Troisième programme pour le dernier concert de décembre du cycle Chostakovitch de Valéry Gergiev et l’Orchestre du Théâtre Mariinski, débuté dimanche et prolongé le lendemain [lire notre chronique de la veille], pour se finir en février 2014.

L’exécution de la Symphonie en si mineur Op.54 n°6 confirme les remarques d’hier soir, le Largo initial n’offrant toujours pas la profondeur qu’on pouvait attendre d’une telle œuvre, ce qui prolonge l’impression de distance déjà éprouvée dans la Cinquième. Dans tout le mouvement, dont seule respire la coda, l’orchestre alterne de remarquables instants mettant en valeur de belles couleurs instrumentales (percussions, célesta, flûtes) avec des phases nerveuses (premiers violons) ou rigides (contrebasses). Beaucoup plus dynamique, le second mouvement (Allegro) est lié au troisième (Presto) par le choix d’un tempo rapide quasiment identique et d’un legato très soutenu qui limite la franchise des attaques des cordes, dont les dernières mesures brouillonnes ne masquent pas les signes de fatigue des musiciens.

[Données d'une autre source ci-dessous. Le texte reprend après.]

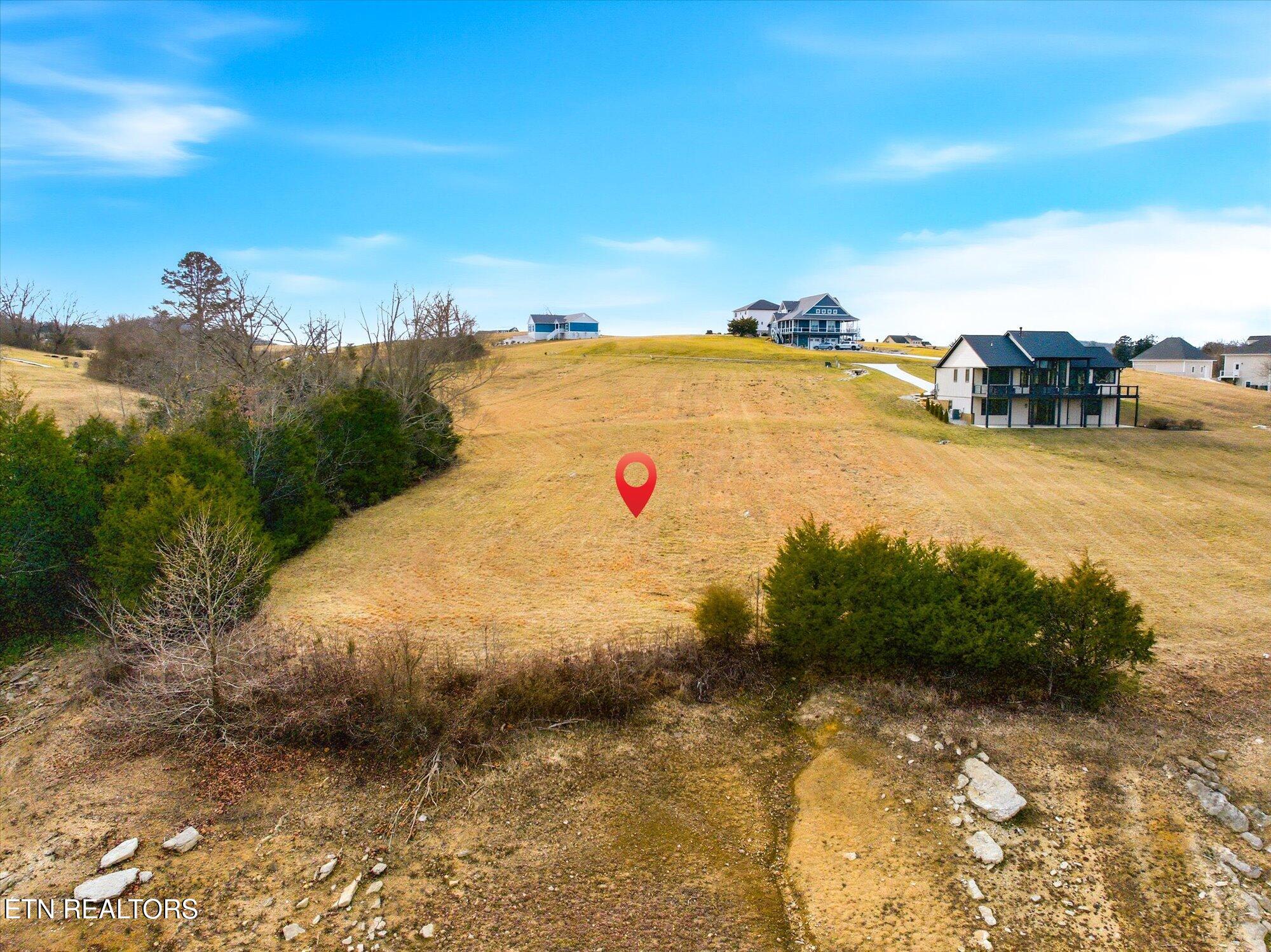 Lot 230 Ruth Circle Sharps Chapel TN 37866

Interprété par Gautier Capuçon, le Concerto pour violoncelle en mi bémol majeur Op.107 n°1 nous exile loin des contrées russes que ferait entendre un Kniazev, par exemple, et propose une conception fort calculée de la partie soliste, culminant au troisième mouvement (Cadenza) dans une grande liberté d’invention pendant plus de cinq minutes. Les quelques imprécisions s’étant glissées çà et là dans le jeu importent peu, contrairement à celles de l’orchestre et particulièrement des cuivres qui affichent une fatigue de plus en plus marquées. Intelligemment liés à Chostakovitch, les deux bis remettent en valeur le beau Matteo Goffriller de 1701 que le soliste joue d’un archet du XIXème siècle (Dominique Peccatte, 1810-1874).

Après l’entracte, la Symphonie en mi mineur Op.93 n°10 surprend instantanément par une présence sonore plus naturelle et une ferveur nouvelle. Le chef maintient encore la formation pétersbourgeoise mais, à bout de souffle d’enchaîner concert sur concert et sentant approcher la fin d’une série éreintante, celle-ci libère une expressivité jusqu’alors absente. Les hurlements du percussionniste symbolisent l’engagement et l’émotion que les musiciens scellent encore dans le jeu, même si, épuisé, le premier cor rate complètement ces soli de l’Allegretto. Ce troisième mouvement est rendu magnifique par la longue et ultime tenue des cordes. Pris très lentement, l’Andante final permet une construction très intéressante du crescendo médian et fait ressortir un basson toujours précis et la chaleur particulière des violoncelles.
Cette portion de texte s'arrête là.